I continued to explore the cemetery and found the graves.

Thousands of graves, neatly arranged each with a small bouquet of flowers. While I am no fan of communism I d respect these men for their courage and patriotism. I hope they rest in peace.
I tried to snap a photo as the flags fluttered in the wind.

Upon departing the cemetery I wandered around the back streets of the town. A few local kids waved at me and shouted “Hello” as wandered. I responded back with “xin chao” which made the kids laugh. As I explored I found a few hills which gave for some nice landscape shots.

Between the two slanting hills you can see a small rice paddy.
Photo taken in the cemetery

After getting some dinner I decided to return to my hotel room.

I finished the night by doing some relaxing embroidery. I’ll show you the completed project later.

Tomorrow I shall visit the old American base where the battle took place and then begin my long journey home.

That will be all for today.

Laos – Friendly Village

The night before I had arrived in the town of Khe Sanh. The streets were packed that evening with the night market crowds and I had to weave my motorcycle through the crowd carefully before I finally found my hotel.

Getting the visa-on-arrival into Laos was a pretty straightforward process. I paid the fee in american dollars get the stamp on my visa. I was pulled over shortly before crossing the border by a Vietnamese border guard who wanted to admire my motorcycle after checking my passport I was finally able to enter Laos.

The plan was to turn around almost immediately and return to Vietnam but I felt an inexplicable urge to keep going, omens perhaps, and I was drawn into the simple but beautiful landscape of Laos. As I kept on riding, I kept thinking, “Ok I should turn around now” and then I would just keep on riding. Again, I would think “Ok maybe now I should turn around” and again I would keep riding. I felt drawn to explore this more remote side of an already remote country.

Eventually I came across a small ethnic minority village, the people were either van kieu or ka po, and it was a very poor village with little to no electricity and no running water. I was struck by the poverty of this little village and I could see a big difference between the quality of life in Vietnam and in Laos. I was quick to discover, however, that the people were not miserable.

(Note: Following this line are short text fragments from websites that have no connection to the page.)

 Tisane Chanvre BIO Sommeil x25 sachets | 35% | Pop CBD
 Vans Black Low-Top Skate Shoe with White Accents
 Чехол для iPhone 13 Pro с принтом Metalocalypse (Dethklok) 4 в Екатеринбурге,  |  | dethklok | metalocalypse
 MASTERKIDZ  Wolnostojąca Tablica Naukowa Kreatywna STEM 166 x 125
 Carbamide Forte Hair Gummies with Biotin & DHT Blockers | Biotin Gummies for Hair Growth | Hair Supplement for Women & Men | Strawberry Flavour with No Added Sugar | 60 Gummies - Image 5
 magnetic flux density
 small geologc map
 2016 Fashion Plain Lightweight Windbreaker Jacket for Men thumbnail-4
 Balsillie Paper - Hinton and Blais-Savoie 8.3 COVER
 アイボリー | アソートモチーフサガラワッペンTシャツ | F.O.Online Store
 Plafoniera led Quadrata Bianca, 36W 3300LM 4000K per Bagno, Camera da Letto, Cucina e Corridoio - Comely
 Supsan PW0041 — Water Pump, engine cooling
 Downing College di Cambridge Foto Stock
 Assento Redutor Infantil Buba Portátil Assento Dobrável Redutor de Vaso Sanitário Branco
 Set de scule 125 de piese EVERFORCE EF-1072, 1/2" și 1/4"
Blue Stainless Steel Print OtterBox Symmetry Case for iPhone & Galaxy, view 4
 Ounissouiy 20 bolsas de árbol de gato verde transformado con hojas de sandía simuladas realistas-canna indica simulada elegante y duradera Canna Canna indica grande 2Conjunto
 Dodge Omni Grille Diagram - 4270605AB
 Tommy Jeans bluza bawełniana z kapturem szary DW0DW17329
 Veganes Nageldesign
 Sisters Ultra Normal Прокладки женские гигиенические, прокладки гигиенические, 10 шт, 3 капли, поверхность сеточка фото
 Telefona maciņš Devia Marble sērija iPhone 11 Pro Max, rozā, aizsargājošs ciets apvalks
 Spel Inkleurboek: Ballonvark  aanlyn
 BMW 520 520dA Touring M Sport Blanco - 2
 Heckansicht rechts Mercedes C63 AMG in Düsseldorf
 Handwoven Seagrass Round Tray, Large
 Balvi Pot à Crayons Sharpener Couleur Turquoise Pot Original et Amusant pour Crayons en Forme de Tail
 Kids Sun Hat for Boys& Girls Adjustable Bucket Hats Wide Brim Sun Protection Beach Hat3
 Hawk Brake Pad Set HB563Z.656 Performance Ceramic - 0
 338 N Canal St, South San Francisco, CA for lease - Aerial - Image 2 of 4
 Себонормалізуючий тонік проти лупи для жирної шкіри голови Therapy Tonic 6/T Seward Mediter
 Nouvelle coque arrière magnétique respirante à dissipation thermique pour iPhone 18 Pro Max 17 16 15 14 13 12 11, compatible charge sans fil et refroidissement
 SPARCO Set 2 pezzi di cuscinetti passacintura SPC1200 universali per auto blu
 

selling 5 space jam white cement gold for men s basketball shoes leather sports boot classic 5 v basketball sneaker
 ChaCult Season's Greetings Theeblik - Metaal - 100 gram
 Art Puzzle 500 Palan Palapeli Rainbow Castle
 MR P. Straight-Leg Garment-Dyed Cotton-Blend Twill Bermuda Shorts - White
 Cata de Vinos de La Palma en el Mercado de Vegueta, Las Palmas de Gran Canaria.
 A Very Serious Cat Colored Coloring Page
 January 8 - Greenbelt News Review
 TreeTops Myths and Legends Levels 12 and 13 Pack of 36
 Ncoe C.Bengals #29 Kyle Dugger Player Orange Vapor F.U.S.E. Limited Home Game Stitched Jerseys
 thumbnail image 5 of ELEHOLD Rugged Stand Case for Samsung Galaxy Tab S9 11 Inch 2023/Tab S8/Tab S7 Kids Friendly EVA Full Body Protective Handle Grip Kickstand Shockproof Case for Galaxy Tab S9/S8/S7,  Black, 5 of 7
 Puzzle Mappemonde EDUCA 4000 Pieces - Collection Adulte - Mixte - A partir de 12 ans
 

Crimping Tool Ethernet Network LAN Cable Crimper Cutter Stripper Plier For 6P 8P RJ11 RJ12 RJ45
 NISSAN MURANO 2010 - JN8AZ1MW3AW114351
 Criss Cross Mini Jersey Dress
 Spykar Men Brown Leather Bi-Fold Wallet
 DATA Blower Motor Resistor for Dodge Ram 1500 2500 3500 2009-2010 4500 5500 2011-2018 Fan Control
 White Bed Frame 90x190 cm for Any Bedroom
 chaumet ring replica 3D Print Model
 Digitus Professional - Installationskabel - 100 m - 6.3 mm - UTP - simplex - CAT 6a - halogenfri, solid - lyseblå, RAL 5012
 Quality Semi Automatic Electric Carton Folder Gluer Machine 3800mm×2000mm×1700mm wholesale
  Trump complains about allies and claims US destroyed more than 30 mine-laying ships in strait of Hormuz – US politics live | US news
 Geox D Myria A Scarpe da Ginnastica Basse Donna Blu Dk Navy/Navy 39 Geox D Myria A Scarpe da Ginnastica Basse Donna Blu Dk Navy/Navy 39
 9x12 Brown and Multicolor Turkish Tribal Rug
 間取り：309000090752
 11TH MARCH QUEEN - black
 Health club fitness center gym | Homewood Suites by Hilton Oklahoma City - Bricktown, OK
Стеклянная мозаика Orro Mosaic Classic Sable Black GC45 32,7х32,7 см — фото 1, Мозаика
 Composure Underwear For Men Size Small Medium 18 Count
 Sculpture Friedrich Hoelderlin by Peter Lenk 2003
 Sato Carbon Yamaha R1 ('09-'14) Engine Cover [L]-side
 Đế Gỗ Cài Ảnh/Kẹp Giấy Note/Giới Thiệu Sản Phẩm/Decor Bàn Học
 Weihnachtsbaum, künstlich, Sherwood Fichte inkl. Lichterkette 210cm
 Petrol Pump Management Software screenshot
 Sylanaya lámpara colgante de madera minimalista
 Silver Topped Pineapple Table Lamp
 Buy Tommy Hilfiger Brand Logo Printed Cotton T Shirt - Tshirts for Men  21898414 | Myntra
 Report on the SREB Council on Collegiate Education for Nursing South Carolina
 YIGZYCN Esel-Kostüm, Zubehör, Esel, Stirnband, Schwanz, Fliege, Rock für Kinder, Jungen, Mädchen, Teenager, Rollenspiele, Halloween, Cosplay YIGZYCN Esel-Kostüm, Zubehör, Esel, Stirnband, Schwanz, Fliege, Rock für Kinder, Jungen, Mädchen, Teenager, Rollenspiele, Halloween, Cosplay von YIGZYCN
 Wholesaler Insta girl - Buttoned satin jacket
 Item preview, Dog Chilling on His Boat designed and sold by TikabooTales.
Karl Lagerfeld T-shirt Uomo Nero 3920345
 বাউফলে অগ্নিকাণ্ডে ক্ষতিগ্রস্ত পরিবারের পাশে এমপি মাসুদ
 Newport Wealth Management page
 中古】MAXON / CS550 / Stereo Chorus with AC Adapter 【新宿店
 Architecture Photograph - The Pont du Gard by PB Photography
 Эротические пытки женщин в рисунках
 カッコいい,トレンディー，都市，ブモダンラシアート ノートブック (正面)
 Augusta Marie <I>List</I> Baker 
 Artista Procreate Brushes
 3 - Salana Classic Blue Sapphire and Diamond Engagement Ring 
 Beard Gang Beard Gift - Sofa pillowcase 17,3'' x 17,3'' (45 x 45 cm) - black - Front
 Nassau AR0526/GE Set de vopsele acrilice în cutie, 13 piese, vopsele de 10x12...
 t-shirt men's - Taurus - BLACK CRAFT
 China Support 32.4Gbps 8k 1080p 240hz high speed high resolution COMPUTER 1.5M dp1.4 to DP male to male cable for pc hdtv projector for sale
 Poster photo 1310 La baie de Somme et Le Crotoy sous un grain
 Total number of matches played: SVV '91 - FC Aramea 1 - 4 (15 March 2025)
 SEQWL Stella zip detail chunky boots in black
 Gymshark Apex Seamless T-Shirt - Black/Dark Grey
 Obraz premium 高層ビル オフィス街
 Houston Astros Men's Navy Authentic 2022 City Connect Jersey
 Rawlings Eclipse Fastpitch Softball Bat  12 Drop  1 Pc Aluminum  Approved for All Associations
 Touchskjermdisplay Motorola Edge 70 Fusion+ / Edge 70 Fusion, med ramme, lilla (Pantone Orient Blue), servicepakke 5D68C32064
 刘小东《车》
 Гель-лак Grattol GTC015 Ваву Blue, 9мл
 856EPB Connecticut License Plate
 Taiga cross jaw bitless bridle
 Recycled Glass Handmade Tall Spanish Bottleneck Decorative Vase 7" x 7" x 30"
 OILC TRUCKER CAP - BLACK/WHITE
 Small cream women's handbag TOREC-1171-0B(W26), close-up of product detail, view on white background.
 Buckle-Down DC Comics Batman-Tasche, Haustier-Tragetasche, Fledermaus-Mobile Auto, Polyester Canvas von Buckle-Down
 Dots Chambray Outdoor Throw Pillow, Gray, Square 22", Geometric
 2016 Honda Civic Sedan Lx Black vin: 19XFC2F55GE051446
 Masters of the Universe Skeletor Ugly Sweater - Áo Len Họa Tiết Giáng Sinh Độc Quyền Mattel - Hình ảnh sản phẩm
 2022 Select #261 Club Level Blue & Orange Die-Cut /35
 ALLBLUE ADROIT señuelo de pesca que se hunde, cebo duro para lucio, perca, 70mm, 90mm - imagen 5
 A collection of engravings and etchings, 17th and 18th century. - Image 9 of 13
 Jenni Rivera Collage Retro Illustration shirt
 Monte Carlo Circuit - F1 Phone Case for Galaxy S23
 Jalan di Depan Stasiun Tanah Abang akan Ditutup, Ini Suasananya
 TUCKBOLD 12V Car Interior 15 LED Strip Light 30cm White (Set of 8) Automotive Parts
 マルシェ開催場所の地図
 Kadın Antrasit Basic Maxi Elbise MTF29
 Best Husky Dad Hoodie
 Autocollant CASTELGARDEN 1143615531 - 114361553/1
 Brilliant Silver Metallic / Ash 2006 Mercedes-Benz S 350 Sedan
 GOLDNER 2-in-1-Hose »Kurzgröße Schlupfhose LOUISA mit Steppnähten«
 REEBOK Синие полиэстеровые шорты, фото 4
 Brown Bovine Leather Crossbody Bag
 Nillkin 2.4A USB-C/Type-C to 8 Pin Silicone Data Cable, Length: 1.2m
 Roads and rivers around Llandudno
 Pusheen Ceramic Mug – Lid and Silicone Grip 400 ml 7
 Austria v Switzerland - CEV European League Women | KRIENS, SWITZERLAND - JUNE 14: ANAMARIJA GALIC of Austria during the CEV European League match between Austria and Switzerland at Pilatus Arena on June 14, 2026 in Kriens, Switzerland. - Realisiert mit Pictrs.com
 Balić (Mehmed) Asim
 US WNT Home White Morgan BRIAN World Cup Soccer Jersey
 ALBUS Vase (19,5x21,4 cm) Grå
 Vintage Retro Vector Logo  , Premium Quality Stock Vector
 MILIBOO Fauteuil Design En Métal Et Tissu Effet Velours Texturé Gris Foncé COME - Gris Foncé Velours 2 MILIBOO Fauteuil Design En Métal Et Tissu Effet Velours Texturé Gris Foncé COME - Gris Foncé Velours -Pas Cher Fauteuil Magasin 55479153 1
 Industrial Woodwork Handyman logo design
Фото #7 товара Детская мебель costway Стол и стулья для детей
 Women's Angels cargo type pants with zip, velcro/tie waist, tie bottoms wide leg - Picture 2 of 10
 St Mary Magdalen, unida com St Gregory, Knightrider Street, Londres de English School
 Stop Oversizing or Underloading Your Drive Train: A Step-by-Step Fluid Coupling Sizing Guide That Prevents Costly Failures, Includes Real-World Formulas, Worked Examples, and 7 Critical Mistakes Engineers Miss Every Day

I parked my motorcycle, took of my helmet, and began to wander around the village taking pictures. I saw the small little stilt houses that the villagers lived in.

There was no running water but there was a satellite dish.
No satellite dish on this one.
The locals were looking at me with confusion.

Eventually, word went around town of a strange new visitor and the children came running. The adults eyed me with confusion but the children were adorably friendly.

These two children followed me from one side of the village all the way to the other.

All the village children gathered by the side of the road and screamed “hello” in English and enthusiastically. Apparently I was the most exciting thing to happen to this village in a long time.

These children were preparing a special type of grass, common in this part of Laos to be exported to Vietnam to be made into brooms.
After the children waved I gave them the “rock on” symbol and they started mimicking me. I accidentally taught them strange western hand symbols.

The next westerner to roll through is going to be so confused when the kids start giving him the “rock on” sign.

As soon as I got closer the girls got a little camera shy.
Friendly children of remote Laos.

The adult were not as friendly but when I smiled and waved at them they became much more friendly. Eventually the time came and I decided it was time to return to Khe Sanh in Vietnam. Many of the children followed me back to my motorcycle and we waved each other good bye as I rode by.

I was smiling the entire ride back to my hotel. This was a genuine experience, this was real Laos. This was real South East Asia. I have never cared for famous sites like Big Ben or the Eiffel tower, I have always preferred to experience the authentic versions of the countries I visit and in that village I experienced the real and simply beautiful side of Laos. I was also kind of sad to be leaving.

I sure hope I left a good impression on this village, because the village left a good impression on me.